Bislang hat der Orgelbaumeister Hong Sung-hoon 16 Pfeifenorgeln gebaut. Der Fotograf Kim Seung-bom ist fasziniert vom Orgelbau und dokumentiert mit seiner Kamera bereits seit 13 Jahren Hongs Leben und Arbeit.

Mein Interesse für Pfeifenorgeln ist auf Herrn Hong zurückzuführen. Je mehr ich über ihre Anfertigung erfuhr, desto mehr wurde mir bewusst, wie schwierig diese Arbeit ist und mein Respekt für ihn wuchs. Das Holzschnitzen, Zusammenfügen und Erzeugen des richtigen Tons gleicht dem Bau eines menschlichen Körpers aus Adern, Knochen und Muskeln. Es ist eine sehr schwierige und komplexe Arbeit.

Heutzutage interessiert sich Hong für die Malerei Ilwolobongdo, die überlicherweise auf einem Stellschirm hinter dem Thron der Könige der Joseon-Dynastie abgebildet war. Die Malerei symbolisierte Macht und Wohlstand.

Vor zwei Jahren stellte ich die Malerei eines königlichen Stellschirms fertig. Zu sehen sind der Mond, die Sonne, fünf Berggipfel, zwei Wasserfälle, zwei rote Kiefern und Wasserwellen. Und nun arbeite ich an der Orgel, damit sie Töne erzeugt, die den Koreanern gefallen.

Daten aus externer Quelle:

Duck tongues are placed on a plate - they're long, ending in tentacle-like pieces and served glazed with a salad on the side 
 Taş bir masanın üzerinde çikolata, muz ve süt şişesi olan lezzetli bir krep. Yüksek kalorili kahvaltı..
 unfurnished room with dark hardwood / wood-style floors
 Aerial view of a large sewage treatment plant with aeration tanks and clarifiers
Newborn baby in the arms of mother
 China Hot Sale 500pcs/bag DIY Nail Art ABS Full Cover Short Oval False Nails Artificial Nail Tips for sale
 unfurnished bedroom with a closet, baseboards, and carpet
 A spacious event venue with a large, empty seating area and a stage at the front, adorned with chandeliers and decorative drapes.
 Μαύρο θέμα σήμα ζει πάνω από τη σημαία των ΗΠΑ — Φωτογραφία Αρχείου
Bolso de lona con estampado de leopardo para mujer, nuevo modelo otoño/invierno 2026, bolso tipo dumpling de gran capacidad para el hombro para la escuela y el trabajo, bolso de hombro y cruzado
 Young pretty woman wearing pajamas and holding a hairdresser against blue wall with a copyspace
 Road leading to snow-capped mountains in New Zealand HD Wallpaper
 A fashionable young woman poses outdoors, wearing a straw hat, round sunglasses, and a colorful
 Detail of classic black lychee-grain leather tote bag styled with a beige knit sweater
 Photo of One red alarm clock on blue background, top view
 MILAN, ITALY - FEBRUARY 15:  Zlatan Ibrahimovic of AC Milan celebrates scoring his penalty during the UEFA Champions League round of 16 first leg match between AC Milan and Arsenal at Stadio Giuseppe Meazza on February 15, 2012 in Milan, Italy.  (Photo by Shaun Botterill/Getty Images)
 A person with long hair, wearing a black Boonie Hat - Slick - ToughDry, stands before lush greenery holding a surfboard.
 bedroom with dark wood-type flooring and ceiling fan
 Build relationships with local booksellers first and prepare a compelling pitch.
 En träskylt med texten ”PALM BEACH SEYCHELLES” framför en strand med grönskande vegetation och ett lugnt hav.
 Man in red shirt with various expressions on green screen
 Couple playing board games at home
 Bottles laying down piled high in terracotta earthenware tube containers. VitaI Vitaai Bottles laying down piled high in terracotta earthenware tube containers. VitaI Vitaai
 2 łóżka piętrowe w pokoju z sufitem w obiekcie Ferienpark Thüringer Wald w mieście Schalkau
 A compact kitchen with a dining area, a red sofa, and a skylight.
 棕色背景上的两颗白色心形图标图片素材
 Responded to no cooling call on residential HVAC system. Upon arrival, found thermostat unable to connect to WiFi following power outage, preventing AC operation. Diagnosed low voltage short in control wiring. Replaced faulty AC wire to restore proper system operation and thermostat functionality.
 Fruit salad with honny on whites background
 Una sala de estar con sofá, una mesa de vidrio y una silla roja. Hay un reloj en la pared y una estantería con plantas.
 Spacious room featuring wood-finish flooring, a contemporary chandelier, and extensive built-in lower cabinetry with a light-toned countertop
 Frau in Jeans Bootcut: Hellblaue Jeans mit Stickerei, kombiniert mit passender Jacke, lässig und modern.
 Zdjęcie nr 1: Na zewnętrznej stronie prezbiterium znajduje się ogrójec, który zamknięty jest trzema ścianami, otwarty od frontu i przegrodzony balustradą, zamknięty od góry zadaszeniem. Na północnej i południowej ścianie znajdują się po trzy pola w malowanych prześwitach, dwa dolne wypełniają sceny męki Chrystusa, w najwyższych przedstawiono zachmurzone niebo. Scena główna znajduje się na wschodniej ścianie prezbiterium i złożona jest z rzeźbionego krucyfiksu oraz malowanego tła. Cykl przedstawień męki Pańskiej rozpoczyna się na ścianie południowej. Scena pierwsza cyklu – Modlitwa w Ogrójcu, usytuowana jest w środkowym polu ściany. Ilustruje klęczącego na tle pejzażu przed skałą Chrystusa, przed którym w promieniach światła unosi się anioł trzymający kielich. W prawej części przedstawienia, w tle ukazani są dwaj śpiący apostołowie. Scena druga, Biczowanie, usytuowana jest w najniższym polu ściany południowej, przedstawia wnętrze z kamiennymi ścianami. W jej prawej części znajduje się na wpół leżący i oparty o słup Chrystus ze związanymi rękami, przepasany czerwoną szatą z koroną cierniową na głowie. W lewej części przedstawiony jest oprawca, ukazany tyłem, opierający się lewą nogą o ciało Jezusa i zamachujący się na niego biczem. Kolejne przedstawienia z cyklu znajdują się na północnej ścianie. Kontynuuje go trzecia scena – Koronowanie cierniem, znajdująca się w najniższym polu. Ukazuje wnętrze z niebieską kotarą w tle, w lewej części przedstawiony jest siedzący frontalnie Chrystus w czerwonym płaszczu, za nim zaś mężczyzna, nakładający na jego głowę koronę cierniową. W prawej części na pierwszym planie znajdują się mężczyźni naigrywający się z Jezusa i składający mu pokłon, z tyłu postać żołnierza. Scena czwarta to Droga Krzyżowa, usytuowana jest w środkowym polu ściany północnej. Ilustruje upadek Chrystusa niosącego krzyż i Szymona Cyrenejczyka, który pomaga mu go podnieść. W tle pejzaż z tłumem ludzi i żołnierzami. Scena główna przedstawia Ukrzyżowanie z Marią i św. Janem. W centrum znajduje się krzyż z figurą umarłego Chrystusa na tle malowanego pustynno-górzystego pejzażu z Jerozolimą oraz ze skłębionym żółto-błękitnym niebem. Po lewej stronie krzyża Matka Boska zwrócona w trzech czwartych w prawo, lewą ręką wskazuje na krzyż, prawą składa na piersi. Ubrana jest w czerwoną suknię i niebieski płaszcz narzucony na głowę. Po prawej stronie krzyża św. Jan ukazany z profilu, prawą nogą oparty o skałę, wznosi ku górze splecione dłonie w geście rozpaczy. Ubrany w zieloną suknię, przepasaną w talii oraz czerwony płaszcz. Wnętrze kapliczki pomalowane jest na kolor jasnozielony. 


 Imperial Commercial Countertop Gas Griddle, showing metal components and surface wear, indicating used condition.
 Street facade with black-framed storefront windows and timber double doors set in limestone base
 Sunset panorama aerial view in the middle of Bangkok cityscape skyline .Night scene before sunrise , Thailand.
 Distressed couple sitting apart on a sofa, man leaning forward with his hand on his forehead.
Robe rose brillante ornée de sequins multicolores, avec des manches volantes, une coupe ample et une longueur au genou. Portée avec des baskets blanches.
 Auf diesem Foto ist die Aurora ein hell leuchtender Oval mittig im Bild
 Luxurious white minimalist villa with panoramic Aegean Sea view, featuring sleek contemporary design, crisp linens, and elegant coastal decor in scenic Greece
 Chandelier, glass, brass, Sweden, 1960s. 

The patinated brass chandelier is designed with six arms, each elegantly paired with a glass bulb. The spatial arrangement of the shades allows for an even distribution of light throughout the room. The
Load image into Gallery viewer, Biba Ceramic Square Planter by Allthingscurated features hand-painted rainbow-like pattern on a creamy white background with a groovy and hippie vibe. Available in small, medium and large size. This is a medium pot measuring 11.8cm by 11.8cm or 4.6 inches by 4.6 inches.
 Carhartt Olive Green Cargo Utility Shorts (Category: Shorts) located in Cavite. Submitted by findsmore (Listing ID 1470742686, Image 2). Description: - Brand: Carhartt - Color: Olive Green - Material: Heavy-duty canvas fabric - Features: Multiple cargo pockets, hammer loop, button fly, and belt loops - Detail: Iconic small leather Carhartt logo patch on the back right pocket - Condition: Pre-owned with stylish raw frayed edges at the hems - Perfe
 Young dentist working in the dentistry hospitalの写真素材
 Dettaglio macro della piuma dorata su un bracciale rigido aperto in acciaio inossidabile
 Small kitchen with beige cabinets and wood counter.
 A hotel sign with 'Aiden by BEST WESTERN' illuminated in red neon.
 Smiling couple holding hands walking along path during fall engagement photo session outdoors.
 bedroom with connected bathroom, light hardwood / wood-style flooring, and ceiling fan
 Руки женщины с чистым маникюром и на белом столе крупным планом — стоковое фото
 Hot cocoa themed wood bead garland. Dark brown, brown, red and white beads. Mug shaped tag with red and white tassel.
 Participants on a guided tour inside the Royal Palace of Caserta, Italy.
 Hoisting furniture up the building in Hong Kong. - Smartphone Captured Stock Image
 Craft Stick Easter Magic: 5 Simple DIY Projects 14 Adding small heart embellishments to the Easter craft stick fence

Zusätzlich plant Hong, den Klang der koreanischen traditionellen Bambusflöte Piri in die Orgel einzubinden. Bei der Fertigstellung von Hongs Ilwolobongdo Pfeifenorgel wird sie womöglich eher einem Installationskunstwerk gleichen als einem Musikinstrument. Wir dürfen gespannt sein, wie der Orgelbaumeister Hong Sung-hoon weiterhin seine Träume in die Tat umsetzt.